KREDİ KARTI AİDATLARINA SON
Kredi kartlarında yapılan düzenleme ile tüketicilere kredi kartları aidatlı ve aidatsız kart olmak üzere iki seçenek sunularak verilmek zorundadır. Aidatsız kartlarda aidatlı kartlar ile aynı işlemleri yapabilme özelliğine sahip olmalı bankaları arayıp aidatsız kartlara geçme isteğinizi belirttiğinizde işlem yapmak zorundalar.

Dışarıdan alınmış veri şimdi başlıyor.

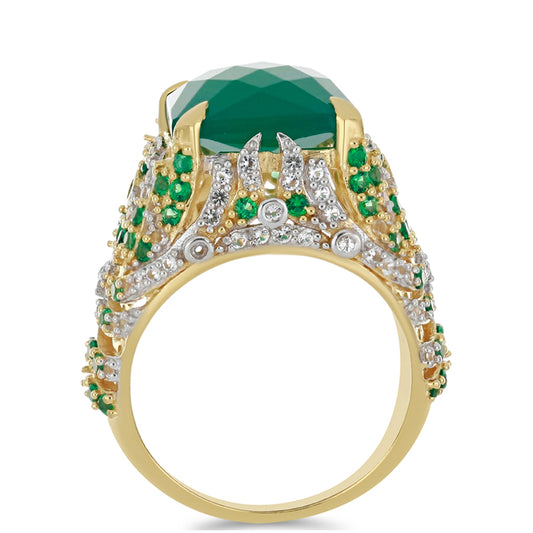 Goldplattierter Silberring mit grünem Achat und weißem Topas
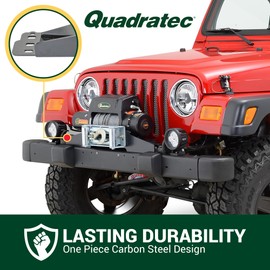 Quadratec Premium Winch Mount Plate - Fits Jeep Wrangler YJ & TJ 1987-2006 - Jeep TJ Winch Mounting Plate Jeep TJ Winch Plate Mount Hitch Plate Mount - Supports 10" x 4.5" Winch - Sleek Satin Black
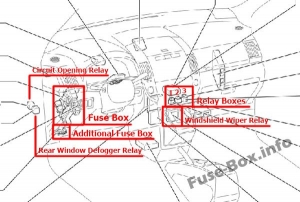Fuse Box Diagram Toyota Corolla Verso (AR10; 2004-2009)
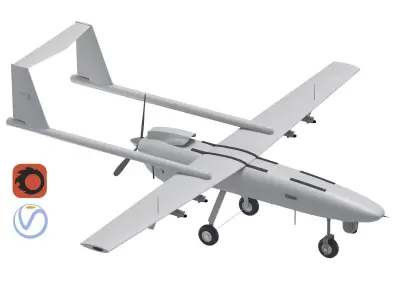Iranian Drone Mohajer-6 Grey 3D model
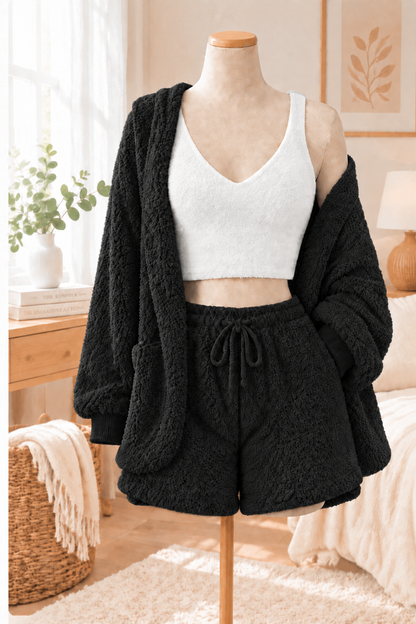 Black plush 3-piece loungewear set with white tank top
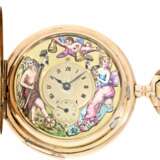 Taschenuhr: außergewöhnlich große, rotgoldene Schlagwerks-Uhr mit emailliertem Figurenautomat Jacquemart "Chronos schlägt die Stunden", vermutlich Maurice Ditisheim No.1434, ca.1910 - photo 1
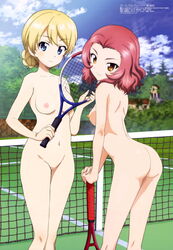 2girls all_gray_ue3 ass blonde_hair blue_eyes blush breasts darjeeling girls_und_panzer multiple_girls nipples nude red_eyes red_hair rosehip small_breasts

Bankaların hareketsiz kartlar olarak belirledikleri kartlar vardır. Hareketsiz kartlar olarak ifade edilen kartlar 180 gün boyunca işlem görmeyen kartlar olarak banka tarafından otomatik olarak kapatılmaktadır. Vatandaş olarak da isteğiniz dışında bir kart gelmesi durumun da 180 gün kullanılmaması otomatik olarak kapanmasına neden olmaktadır. Tüketiciler kullanmayı düşünmedikleri kartlara 180 gün boyunca işlem yapmamaları halinde kartlar otomatik olarak işleme kapatılacaktır.
TİCARET İL MÜDÜRLÜĞÜNE BAŞVURUN
Düzenleme öncesinde verilen kredi kartlarında aidat alma hükmü varsa bankalar aidatlarını alma hakkına sahiptirler. Ama yeni yasa ile aidatlı kart tercih etme hakkı tüketici tercihine bırakılmıştır. İsteği dışında aidat alınması durumunda alınan aidatların geri iadesi mümkündür. Eğer banka ile ilgili yaşadıkları sorunlarda bir mağduriyet yaşadıklarını düşünüyorlarsa 2.400TL’ye kadar kaymakamlıklarda bulunan İlçe Tüketici Hakem Heyetlerine, 3.610TL ye kadar İl Ticaret Müdürlüğü bünyesinde bulunan İl Tüketici Hakem Heyetine, 3.610TL’den fazla tutarlarda ise Tüketici Mahkemelerine ya da bu sıfatla işlem yapan Asliye Hukuk Mahkemelerine başvurabilirler. Tüketici Hakem Heyetlerine başvurular tek bir dilekçeyle ve kesinlikle hiçbir ücret ödenmeden yapılabilmektedir. Tüketici Hakem Heyetlerinin en önemli özellikleri ise verdikleri kararların bağlayıcı karar olmasıdır. Bu durum mahkeme aşamasına gelmeden birçok sorunun çözülmesi anlamına gelmektedir ve mahkemelerin iş gücünü büyük oranda hafifletmektedir."